Saved data entries:
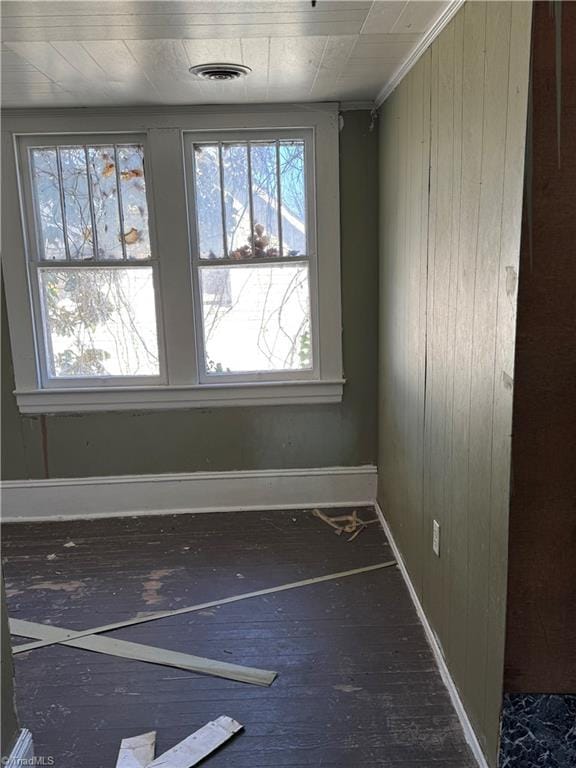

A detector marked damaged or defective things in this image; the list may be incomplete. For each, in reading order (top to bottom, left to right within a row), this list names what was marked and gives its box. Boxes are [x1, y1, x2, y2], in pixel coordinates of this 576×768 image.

damaged flooring [2, 510, 474, 768]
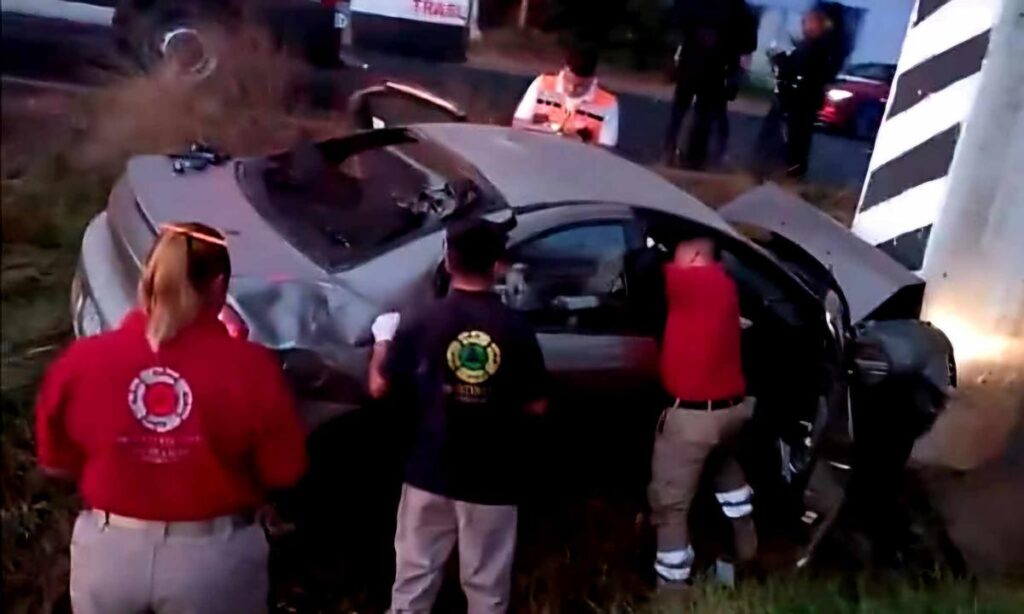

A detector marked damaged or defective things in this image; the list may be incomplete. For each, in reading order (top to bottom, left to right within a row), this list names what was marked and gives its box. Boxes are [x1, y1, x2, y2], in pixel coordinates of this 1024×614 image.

shattered windshield [240, 135, 496, 272]
crashed vehicle [70, 121, 952, 568]
severely damaged car [70, 121, 952, 568]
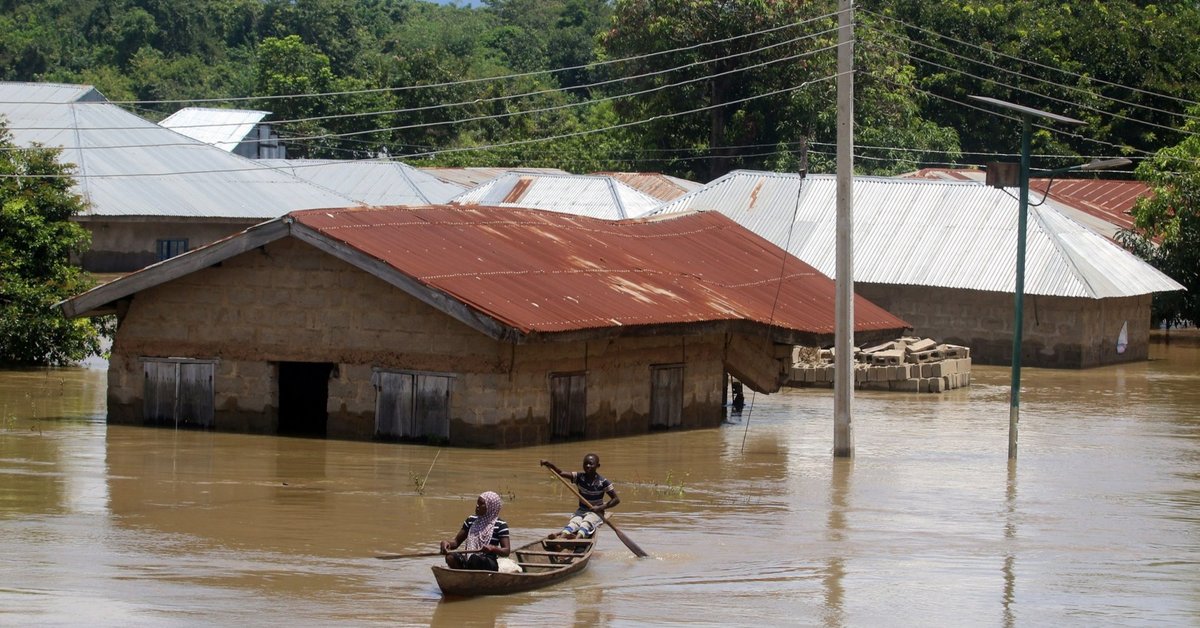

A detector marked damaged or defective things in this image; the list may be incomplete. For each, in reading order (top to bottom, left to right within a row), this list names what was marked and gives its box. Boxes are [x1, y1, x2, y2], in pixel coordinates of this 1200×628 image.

rusty corrugated roof [292, 205, 908, 340]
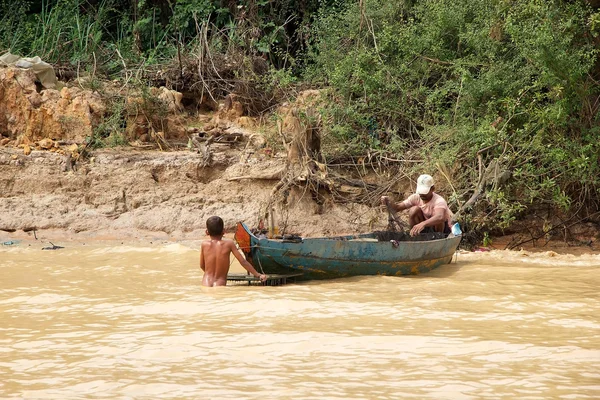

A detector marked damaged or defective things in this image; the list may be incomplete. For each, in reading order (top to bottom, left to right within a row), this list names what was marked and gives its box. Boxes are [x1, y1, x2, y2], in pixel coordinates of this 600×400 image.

rusty boat hull [233, 220, 460, 280]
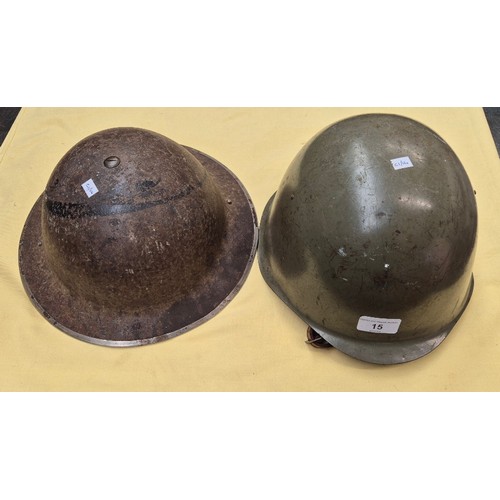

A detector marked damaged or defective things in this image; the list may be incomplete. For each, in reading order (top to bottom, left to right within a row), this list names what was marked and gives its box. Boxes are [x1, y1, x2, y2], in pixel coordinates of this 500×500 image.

- [PROBLEM DESCRIPTION] Reproduce, with no pictures, the lines from the one containing "this 600×400 image." to the end of the records above, exactly and inclusively.

- [RESPONSE FOR THIS EXERCISE]
A detector marked damaged or defective things in this image; the list may be incomplete. For each, in reading order (top to bottom, left to right within a row), this list names what was marked and gives its box. Boxes are [x1, y1, x2, y2], in pixel coordinates of this 600×400 image.

rusty boat hull [233, 220, 460, 280]

A detector marked damaged or defective things in this image; the list may be incomplete. For each, in reading order (top to bottom, left to right within a row), this list names what was marked and gives its box. Boxes are [x1, y1, x2, y2], in pixel coordinates of this 500×500 image.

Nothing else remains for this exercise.